As part of this goal of visibility, the company rolled out a “bring out your debt” where different parts of the business reveal exactly what systems, software and processes they had in place, even if they weren’t part of standard company operating policy. “The attack enabled Maersk to uncover how things actually operated, as opposed to how things were supposed to operate, and see the processes and the data supporting those processes that run beneath the radar,” said Powell.

“Suddenly, we understand how the whole company actually operates, where the data actually flows, and [we can] actually map and architect that. We realize what we’ve now got to do in terms of mitigations. We’ve not shot anyone, I would have liked to, but you smile and go, ‘fantastic! Let’s work together on not doing that again.’ Adopt that open mentality, find out how things actually work, map those processes, and then you know where to protect.”

Identity, vulnerabilities and hybrid SOCs

Identity and access was an area Maersk decided it need to address. After working out who had access to what systems, the company reduced that number and introduced controls to manage and monitor the usage of those privileged accounts. “It is amazing how many people have got privileged access to everything in your company,” said Powell. “It’s like giving them the all the keys to every single book.
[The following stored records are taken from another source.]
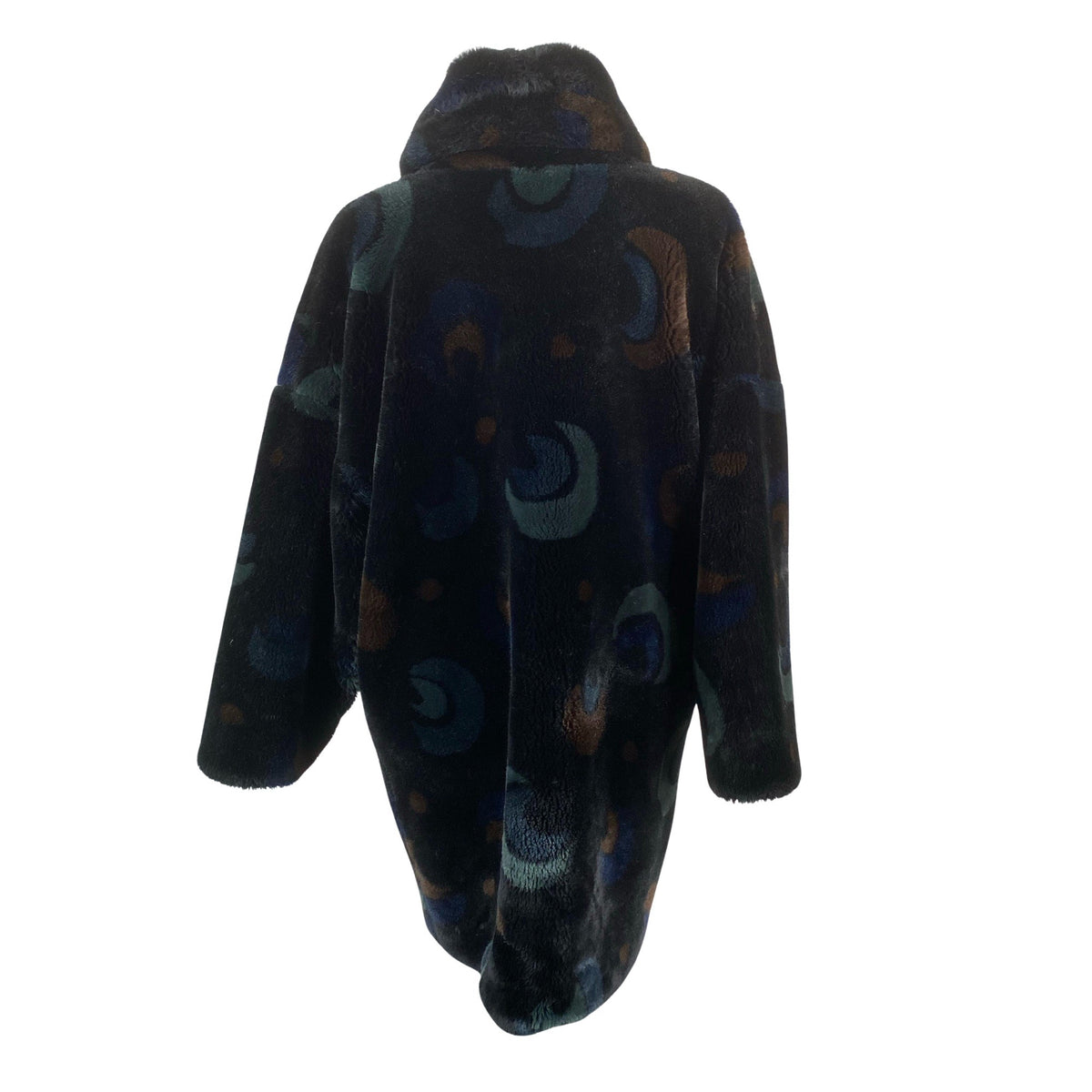 Unisex Skila - Kunstkarusnahast mantel, suurus 38 - Must (2)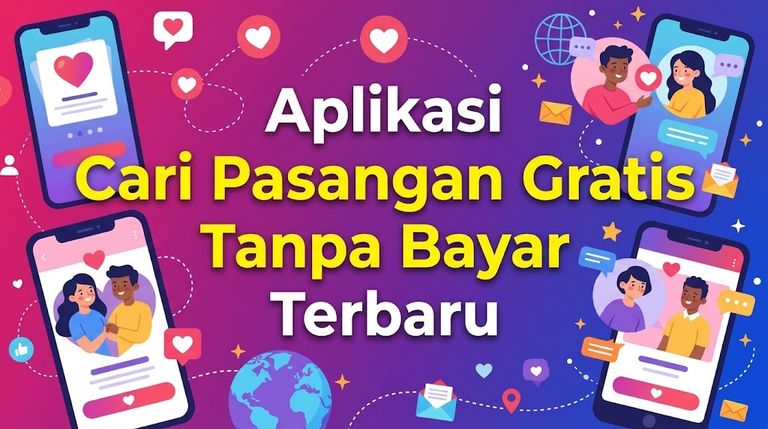 Rekomendasi 5 Aplikasi Cari Pasangan Gratis Tanpa Bayar Terbaru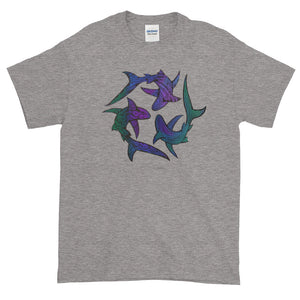 SHARK CIRCLE Short-Sleeve T-Shirt - COOOL CATS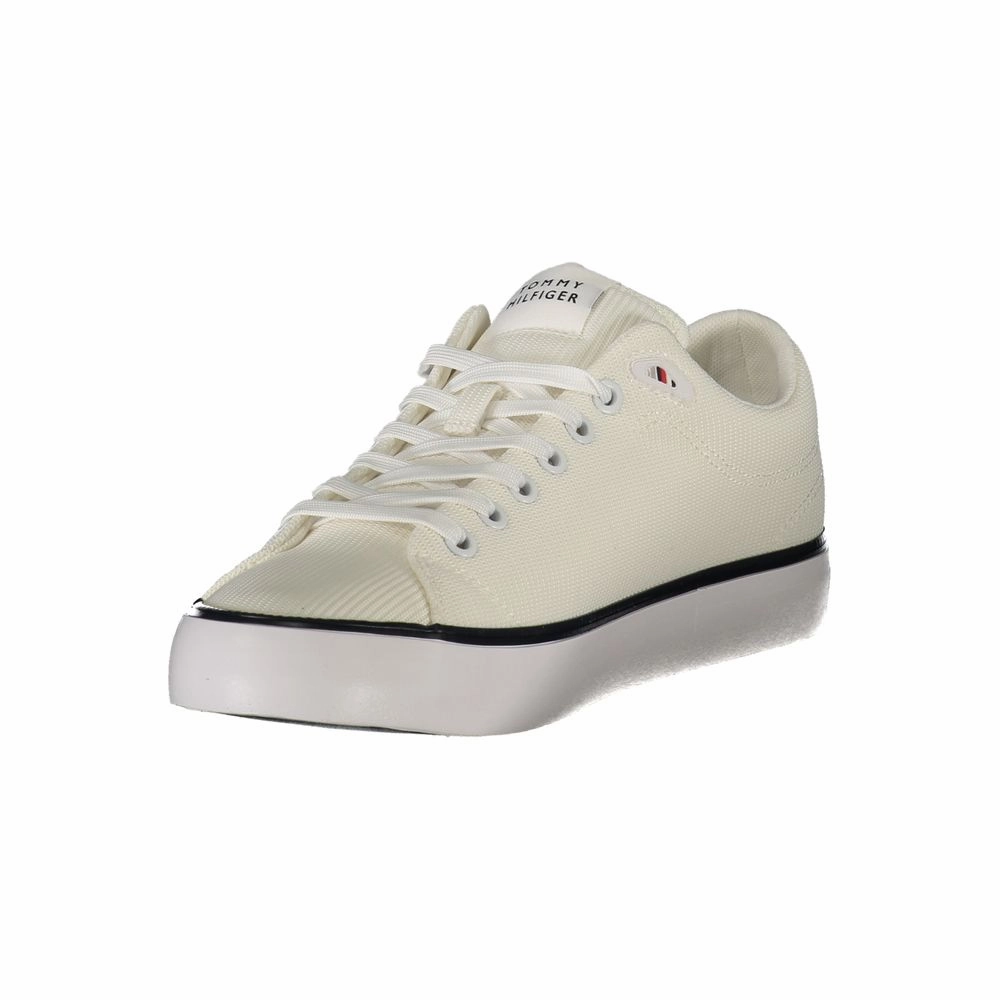 Tommy Hilfiger White Polyester Men Sneaker Sneakers For Sale Online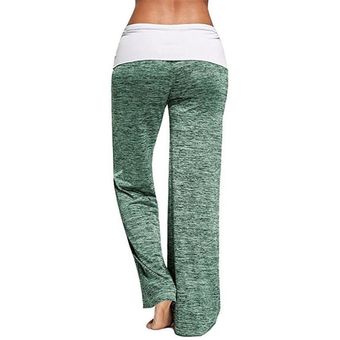 Pantalones Mujer Verano 2019 Largos Yoga Cintura Alta para Talla Grande hasta La Pantorrilla Deportivos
We immediately went after that and reduced that massively.”

As with many companies, Maersk has to tackle vulnerability management across a large and complex estate on an ongoing basis. “You can’t fix all your applications. On average, a Microsoft-based application has about 120 vulnerabilities that are killers,” Powell continued. “You need to be constantly having a vulnerability system to assess that and fix that on a rolling basis. Otherwise, you’re exposed.”

Thanks to the mapping of business flows, the company was able to focus its priorities, and from those 1,200 applications Banks said were critical, Maersk identified the 50 that it classes as business killers and fixed those first.

On the security operations side, Powell affirms a good hybrid SOC capability that combines on-premises with cloud-based is important. “Trust me, you need people who understand the business on prem.”

Powell is keen on validation of these changes. The company’s security posture has been audited 13 times in the last 17 months, with eight of those audits being external.

Post-cyberattack openness is important

Powell was at Capgemini at the time of the NotPetya attack and saw other organizations suffer damage. “Anybody who thinks that Maersk is the singular biggest example of what was going on is wrong. There are a lot of companies that were bigger than Maersk that were suffering, probably even worse but were not as transparent.”

Not only did being more transparent about its response and recovery progress allow Maersk to lean on partners and customers to provide the company with help it might not have otherwise received, but the company’s share price actually went up in the aftermath of the attack. Powell said that open attitude around its cybersecurity continues to pay dividends.

“Transparency is everything. Our clients at Maersk loved the fact that we told them on day one what was going on, and we included them throughout in what we were doing,” said Powell. “I’ll tell you now that we’ve retained contracts with our customers by proving that we can look after their data better than others. It’s a business winner.”